Which prompted someone to ask me:
“Is that the only time/place you travel?”
My reply to the person’s question:
Nowadays yes. I mean, I go on some occasional short trips within my state and region, but the annual trip to see family is my only super long distance one.
For a variety of reasons.
I have been very fortunate in my life. I got to travel when I was younger, and because the experiences were so rich (such as getting to travel around England, Scotland, and Wales for 5 weeks in the 1980s; and getting to live in Japan for 5 years in the 1990s), they went a long way and I am satisfied.
Before that, as a child, I grew up in the military family so we moved every couple of years. My parents took the opportunity to take us camping in many national parks and state parks all over the country when we would be moving from one assignment to the next.
As a climate activist, I am keenly conscious of the footprint of my past travel. And so I feel it’s my duty to leave it to the younger people, and to other people who have never had a chance to travel.
Fortunately I really love my adopted home place.
And I added another comment later on the same thread:
If I liked the area where my family lives, I would probably move there to live closer to them. And I may do that someday. [Note, the cost of living there is really high though.]
But I really love the place where I have made a home. There’s a really beautiful community here.
I did used to live twice as far away from my family, but I decided to at least move to the same coast of the USA as them. Did that 14 years ago and here I am.
If there were a really good network of walking paths and cycling paths, I would probably be very happy to take a very very long time on my trips to see them. Maybe nine days each way by bicycle, or 40 days each way on foot. My work is portable. But right now the safe network of paths does not exist.
(The original post on Sharon’s page was sharing a post by a person who says they’re happy to sit on a train for many hours, even though it takes so much longer than air travel.
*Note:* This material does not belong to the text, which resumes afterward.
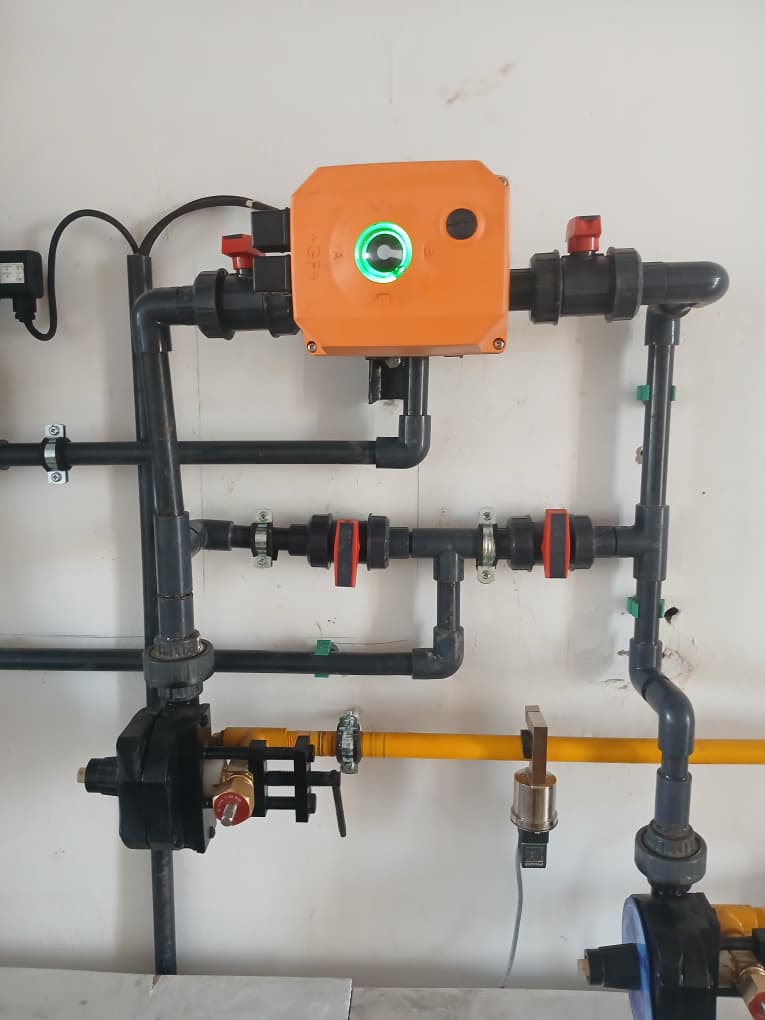 Closeup of orange actuator control valve on laboratory service piping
That they enjoy watching scenery and being able to get up and walk around, etc.)
PS. Although my assertions of finding air travel miserable are 100% true, there is an additional reason why I assert my dislike. I’m trying to emphasize the cramped drudgery of air travel to see if I can nudge more people to rethink hopping on airplanes. A little behavioral-economics experiment.
As I’ve said before on this blog and in various public forums, it’s not just about wanting to avoid the ecological impact. It’s about wanting to minimize my contribution to the destruction of other cultures, communities.